Os países que aprovaram o Pacto do Futuro também destacaram no documento que estão “comprometidos em fortalecer a inclusão e a eficácia da cooperação tributária” no âmbito da ONU “levando em consideração o trabalho de outros fóruns e instituições relevantes”. No entanto, Henrique Frota, diretor executivo do Instituto Pólis e assessor da Global Platform for the Right to the City, que também esteve em Nova Iorque, explica que as políticas tributárias são atribuições dos países, e não da ONU. 

“Internacionalmente, os países podem fazer acordos para aplicar nos seus territórios. Mas a ONU não pode criar um imposto internacional. E aí o desafio é dentro dos países, e cada país tem um contexto. A extrema direita, muitas vezes negacionista em relação à emergência climática, está crescendo em vários países. Então nem todos os países vão conseguir avançar em relação a esses compromissos internacionais”, explica.  

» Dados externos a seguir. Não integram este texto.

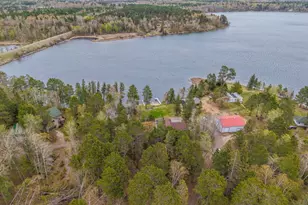 5832 Kohler Ln NE, Bemidji, MN 56601 - Photo 85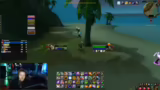 Diskussion über Quests und Re…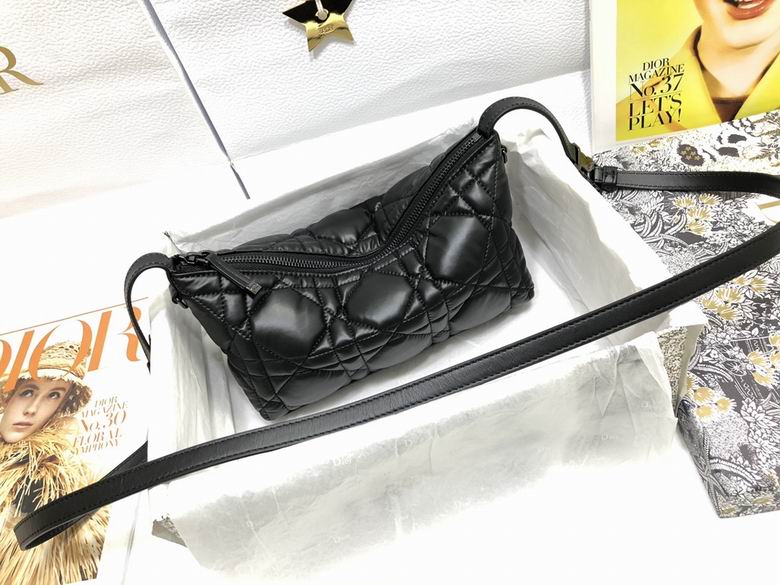 S5554 22X13X9.5cm YG 3色 10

“Tem países que assumiram o compromisso de parar imediatamente a exploração de petróleo. Mas tem o Brasil, por exemplo, que quer expandir a exploração de petróleo até 2030”, ressalta o diretor executivo do Instituto Polis, que fala sobre a tributação, que ainda será discutida, mas destaca que o mesmo vale para o Pacto do Futuro em si.  

Frota reforça, então, que as agendas da ONU, tanto o pacto quanto outros acordos como a  Agenda 2030, precisam estar alinhadas a uma agenda de financiamento consistente. O assunto deve ser discutido com mais afinco durante a quarta Conferência Internacional sobre Financiamento para o Desenvolvimento (FfD4) da ONU, no meio do ano que vem, na Espanha. “Essa agenda é central em relação aos recursos financeiros para bancar todos esses compromissos globais”, afirma Frota. 

Hoje não há recursos 

Uma das recomendações do Pacto do Futuro é “tomar medidas concretas para evitar que as pessoas voltem a cair na pobreza, inclusive por meio do estabelecimento de sistemas de proteção social bem projetados, sustentáveis e eficientes para todos, que sejam sensíveis a choques”. Financiada pelos estados, a ONU, entretanto, não tem recursos para financiar as suas recomendações nos países. 

Inclusive, documentos obtidos pelo e divulgados pelo UOL em janeiro deste ano mostram que o caixa esvaziado das Nações Unidas levou ao congelamento de contratações, fechamento de escritórios e cortes de gastos em diferentes programas.  

“O sistema ONU, de certa forma, tem uma visão de que está falido em termos de recursos financeiros. Eles não têm tanto dinheiro assim. Então, os governos dos países têm falado muito em mecanismos para mobilizar o recurso privado das empresas para financiar essas iniciativas”, já que mesmo o discurso dos países é que não há recursos públicos próprios suficientes para implementar as recomendações. 

Porém, o alerta é para a forma como os interesses públicos devem se sobressair aos particulares nessa transferência de recursos. “É controverso, especialmente porque nós sabemos que, nos arranjos de parcerias público-privadas, o público sai perdendo. O privado sempre está orientado ao seu lucro e entra na parceria porque os estados reduzem risco.”